Over exposure to aforementioned factors can result in.
-Intense anxiety
-fatigue
-headaches
-burnout/shutdown
Further issues.
-When interacting with people I become almost blind to my surroundings.
-Stimming (waving hands around, pacing, moving in odd ways) is a very important pressure valve.
-Monitoring volume and tone of voice is very difficult
-My accent is weird
-Black and white thinking
-Very sensitive to physical stimuli (will only wear certain clothes)
-Lack of inhibition
-Extremely specific interests (almost perfect memory in relation to those interests)
-Liable speak in monotone
-little awareness of other (this is actually flipped to hyper awareness of other as a result of scripts, but I miss certain seemingly obvious things very regularily)
All of what I’ve said so far make me so sound pretty weird. But in reality I appear fairly normal and do normal things for someone of my age. All of the aforementioned things don’t appear nearly as apparent as I actively offset them with specific scripts that make me act ‘normal’
I’ve been learning scripts my whole life but only as a kind of instinctive response. When I was 14 I started actively putting every ounce of my energy into learning scripts.
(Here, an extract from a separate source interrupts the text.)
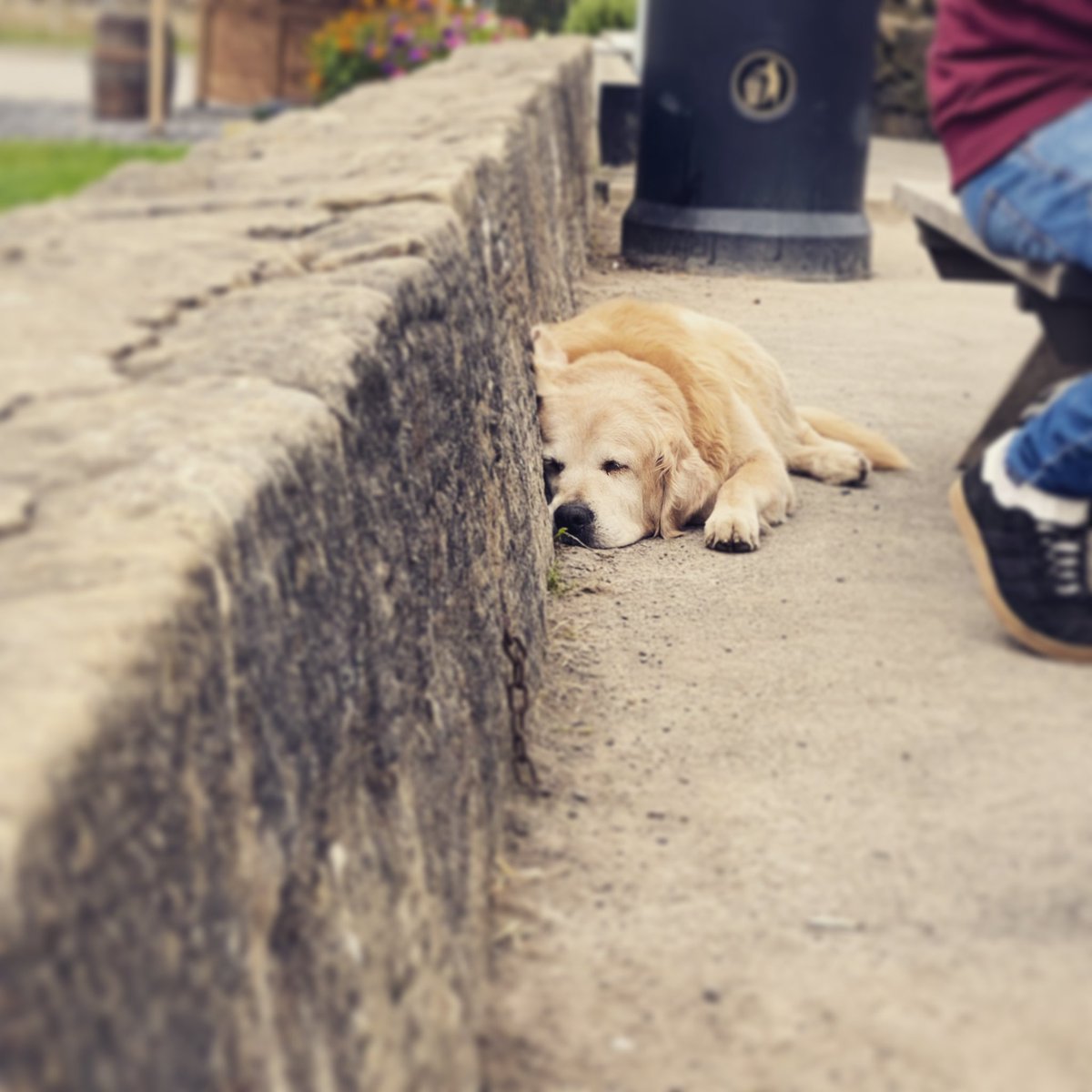 🍺🎶What a weekend…think this picture sums up how the volunteers are feeling 😴 Big thank you to everyone that made it possible a hell of a lot of work but worth every minute! 🍺🎶 #yarnburyarmy #oneclub #beerfestival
Before then I was very self contained teenager. I was completely non functional in any group setting, and came off as quite weird in individual interactions.
Socially I was fairly reliably quite a few years behind my peers. At 9 I had the social intelligence of a 5 year old, at 14 the social intelligence of a 9 year old. From then on I developed rapidly. But at a serious cost. Like I said before scripts are incredibly draining.
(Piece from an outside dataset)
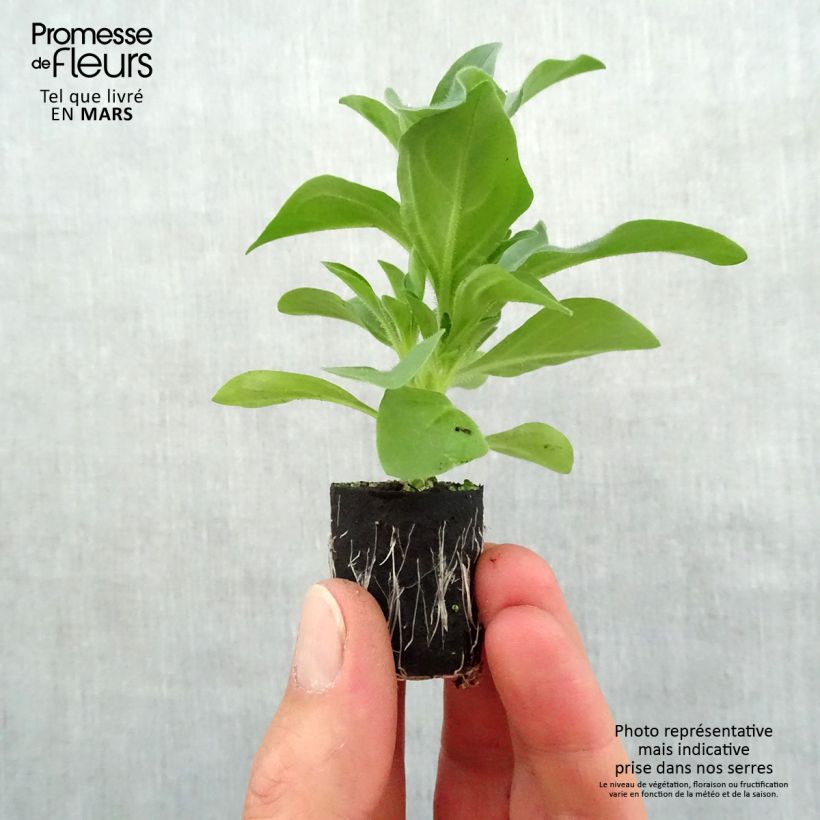 Petunia Night Sky Plug plant 3/4cm sample as delivered in spring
One script I remember learning when I was very young was eye contact. I did not usually look people in the eye when communicating. But my father always told me to look him and others straight in the eye when talking to them. I very quickly switched to always looking people in the eye. This unsettled them. It was only years later when I was 12 that a teacher explained to me that its important to look away from people every now and again when talking to them. So I set a timer in my head to go off every 5-10 seconds to look away. Much of my scripts are like this. Specific responses to specific incoming and outgoing visual stimuli. Increasinging to crazy complex levels.
When my scripts don’t work. And a few of the bad things line up. I wont become non functional, it might not even be apparent to an outsider that anything major is wrong. I might become a little haphazard or withdrawn, maybe a little moody, or possibly over friendly. But inside I could be having a panic attack. I just let my scripts run automatically and quietly burn down in my head.
Shutdown was more common when younger, now burnout is more common. Burnout or ‘social hangover’ can lead to up to days of intense anxiety, headaches, fatigue, lethargy, depression, confusion.
I find it almost impossible to talk about these experiences to people. They nod and say they get it. I think maybe it is so alien to them that they equate the result with the cause. The result being anxiety.